Sri Lanka’s BYD vehicle import crisis deepens as the Court of Appeal orders Customs to conclude investigations, but buyers and importers remain stuck in limbo with billions at stake.
The much-publicized BYD vehicle dispute once again reached the Court of Appeal today (October 24), but instead of clarity, the case continues to linger. The court made it clear that investigations into the engine capacity of the detained BYD electric vehicles must be completed promptly, yet both buyers and importers are left in uncertainty as legal and bureaucratic wrangling drags on.
Court of Appeal Chairman Justice Rohantha Abeysuriya emphasized that Customs plays a vital role in securing taxes for the national economy, but insisted that authorities must also weigh the concerns of consumers who have already purchased vehicles and companies that have invested heavily in imports. He instructed Customs to speed up their investigations and urged the petitioner company to cooperate with the process.
The remarks came during the hearing of a petition filed by John Keells CG Company, which sought the release of BYD vehicles detained by Customs. The Additional Solicitor General (ASG) Sumathi Dharmawardena, representing Sri Lanka Customs, told the court that the vehicles could be released on bail subject to conditions. He further confirmed that a report on the scan tests conducted on the vehicles would be presented to the court next Monday through a motion.
However, President’s Counsel Farsana Jameel, appearing for the petitioner, challenged the legal basis of Customs’ actions. She argued that the detention of vehicles under current procedures was against the law. Despite lengthy arguments between the two sides, the court session ended without an agreement on releasing the vehicles on bail. The ASG then informed the court that the possibility of a settlement would be announced on October 28.
This is not the first time the BYD saga has been dragged through the Court of Appeal. On August 7, the Director General of Customs agreed before the court to release 991 detained BYD vehicles under strict conditions. According to that agreement, John Keells CG Company was required to deposit Rs. 3,552,909,200 (approximately Rs. 3.6 billion) as a guarantee in a state bank, representing the tax differential claimed by Customs. The company was also required to accept liability for the interest accruing on that guarantee.
Additionally, the court mandated the appointment of a technical committee to settle the question of whether the BYD vehicles in question had a motor capacity of 100 or 150 kilowatts. The committee was to consist of experts from the Universities of Peradeniya and Moratuwa, the Government Analyst’s Department, and the Department of Motor Traffic.
Despite these conditions and the partial agreement in August, the dispute continues unresolved, highlighting not just a legal conflict but also the risks faced by Sri Lanka’s fragile automobile import market. Buyers are left frustrated, importers face mounting financial pressure, and Customs insists on securing what it claims are rightful tax revenues.
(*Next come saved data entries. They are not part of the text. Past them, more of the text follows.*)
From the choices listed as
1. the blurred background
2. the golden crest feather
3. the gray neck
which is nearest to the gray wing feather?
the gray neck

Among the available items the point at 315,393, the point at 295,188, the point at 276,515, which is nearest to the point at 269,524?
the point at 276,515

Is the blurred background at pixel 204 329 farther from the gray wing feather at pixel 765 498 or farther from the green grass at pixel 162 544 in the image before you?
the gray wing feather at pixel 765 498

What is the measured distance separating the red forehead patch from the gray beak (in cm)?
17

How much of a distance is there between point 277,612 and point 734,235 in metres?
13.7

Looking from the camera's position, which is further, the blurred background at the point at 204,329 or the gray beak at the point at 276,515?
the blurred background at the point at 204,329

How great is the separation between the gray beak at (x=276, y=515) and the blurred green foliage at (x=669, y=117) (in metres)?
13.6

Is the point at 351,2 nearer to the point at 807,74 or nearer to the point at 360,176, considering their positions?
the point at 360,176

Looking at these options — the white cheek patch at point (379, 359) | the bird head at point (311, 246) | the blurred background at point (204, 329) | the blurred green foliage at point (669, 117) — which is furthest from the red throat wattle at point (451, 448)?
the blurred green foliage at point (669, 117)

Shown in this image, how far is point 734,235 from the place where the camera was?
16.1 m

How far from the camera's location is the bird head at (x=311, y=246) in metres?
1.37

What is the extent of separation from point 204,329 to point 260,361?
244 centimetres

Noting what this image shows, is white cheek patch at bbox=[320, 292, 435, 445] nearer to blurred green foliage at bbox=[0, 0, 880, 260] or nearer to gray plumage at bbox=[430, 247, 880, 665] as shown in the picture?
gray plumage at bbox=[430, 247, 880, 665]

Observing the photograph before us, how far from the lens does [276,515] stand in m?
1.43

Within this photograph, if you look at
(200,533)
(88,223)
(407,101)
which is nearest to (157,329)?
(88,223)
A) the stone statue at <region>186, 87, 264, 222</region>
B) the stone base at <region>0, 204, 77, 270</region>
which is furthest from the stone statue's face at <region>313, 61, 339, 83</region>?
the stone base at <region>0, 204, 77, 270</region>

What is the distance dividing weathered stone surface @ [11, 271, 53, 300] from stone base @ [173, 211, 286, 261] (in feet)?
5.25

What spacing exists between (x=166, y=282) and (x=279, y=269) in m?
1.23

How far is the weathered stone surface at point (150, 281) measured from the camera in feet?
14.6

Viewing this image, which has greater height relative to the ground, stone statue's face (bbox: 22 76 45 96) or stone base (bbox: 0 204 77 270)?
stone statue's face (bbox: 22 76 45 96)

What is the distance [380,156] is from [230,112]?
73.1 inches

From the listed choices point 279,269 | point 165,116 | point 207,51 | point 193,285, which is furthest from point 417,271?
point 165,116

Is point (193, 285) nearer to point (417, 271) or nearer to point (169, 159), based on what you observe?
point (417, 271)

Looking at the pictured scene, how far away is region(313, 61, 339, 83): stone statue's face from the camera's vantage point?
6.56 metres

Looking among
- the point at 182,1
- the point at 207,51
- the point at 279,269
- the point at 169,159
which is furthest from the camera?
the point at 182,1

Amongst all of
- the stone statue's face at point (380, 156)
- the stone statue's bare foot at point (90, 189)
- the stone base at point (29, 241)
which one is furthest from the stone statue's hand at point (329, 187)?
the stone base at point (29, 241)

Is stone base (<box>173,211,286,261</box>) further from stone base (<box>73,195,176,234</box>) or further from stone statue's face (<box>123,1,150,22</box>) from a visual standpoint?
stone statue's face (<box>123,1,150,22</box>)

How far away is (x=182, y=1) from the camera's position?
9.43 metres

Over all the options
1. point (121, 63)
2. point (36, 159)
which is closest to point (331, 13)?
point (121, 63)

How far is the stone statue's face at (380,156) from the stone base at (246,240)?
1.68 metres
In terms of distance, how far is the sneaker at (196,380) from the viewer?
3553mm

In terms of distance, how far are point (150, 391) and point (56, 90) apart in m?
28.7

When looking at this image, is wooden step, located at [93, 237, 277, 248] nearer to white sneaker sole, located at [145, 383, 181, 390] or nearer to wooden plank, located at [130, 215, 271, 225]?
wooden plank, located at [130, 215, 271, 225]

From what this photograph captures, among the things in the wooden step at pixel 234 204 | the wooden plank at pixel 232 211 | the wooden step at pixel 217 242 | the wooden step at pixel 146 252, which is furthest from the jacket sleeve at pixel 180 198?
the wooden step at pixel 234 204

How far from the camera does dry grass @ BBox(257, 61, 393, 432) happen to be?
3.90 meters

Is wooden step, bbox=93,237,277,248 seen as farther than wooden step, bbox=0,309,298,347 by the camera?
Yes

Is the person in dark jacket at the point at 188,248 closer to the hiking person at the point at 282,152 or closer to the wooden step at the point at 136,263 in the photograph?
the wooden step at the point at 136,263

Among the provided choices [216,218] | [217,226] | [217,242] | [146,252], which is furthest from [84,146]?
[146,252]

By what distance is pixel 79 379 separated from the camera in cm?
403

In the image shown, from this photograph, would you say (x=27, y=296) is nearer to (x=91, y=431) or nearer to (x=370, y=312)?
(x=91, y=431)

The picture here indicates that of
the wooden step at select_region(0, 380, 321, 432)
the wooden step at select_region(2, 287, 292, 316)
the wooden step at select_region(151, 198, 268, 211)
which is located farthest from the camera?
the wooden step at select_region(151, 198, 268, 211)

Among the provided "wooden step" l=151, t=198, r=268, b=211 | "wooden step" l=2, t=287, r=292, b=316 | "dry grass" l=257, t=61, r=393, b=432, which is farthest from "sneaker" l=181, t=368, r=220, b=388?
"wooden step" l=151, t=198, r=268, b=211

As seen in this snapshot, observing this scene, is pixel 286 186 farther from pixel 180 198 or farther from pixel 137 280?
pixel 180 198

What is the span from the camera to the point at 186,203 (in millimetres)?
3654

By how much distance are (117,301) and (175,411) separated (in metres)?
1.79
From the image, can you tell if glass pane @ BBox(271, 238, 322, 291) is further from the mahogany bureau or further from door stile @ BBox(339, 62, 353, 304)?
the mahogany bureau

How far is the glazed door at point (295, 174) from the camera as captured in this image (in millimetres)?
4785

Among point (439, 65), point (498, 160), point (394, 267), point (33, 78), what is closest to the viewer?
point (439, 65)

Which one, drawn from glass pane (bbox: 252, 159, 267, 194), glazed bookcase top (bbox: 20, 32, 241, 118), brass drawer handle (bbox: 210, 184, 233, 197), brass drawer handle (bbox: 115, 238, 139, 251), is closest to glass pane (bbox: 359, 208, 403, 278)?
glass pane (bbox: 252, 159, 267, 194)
The BYD dilemma underscores a broader issue: the gap between government policy, taxation frameworks, and the realities of electric vehicle imports in Sri Lanka. As the country struggles to balance fiscal needs with consumer demand and international trade practices, this case has become a test of how fairly and transparently authorities can handle high-stakes disputes.
For now, the verdict is clear, the case will not be resolved quickly. While Customs faces pressure to wrap up investigations, delays have already caused significant disruptions, with billions of rupees and public confidence on the line. The next critical date is October 28, when Customs is expected to clarify its stance on a possible settlement. Until then, the BYD imports remain in limbo, and Sri Lanka’s buyers and importers must wait anxiously for resolution.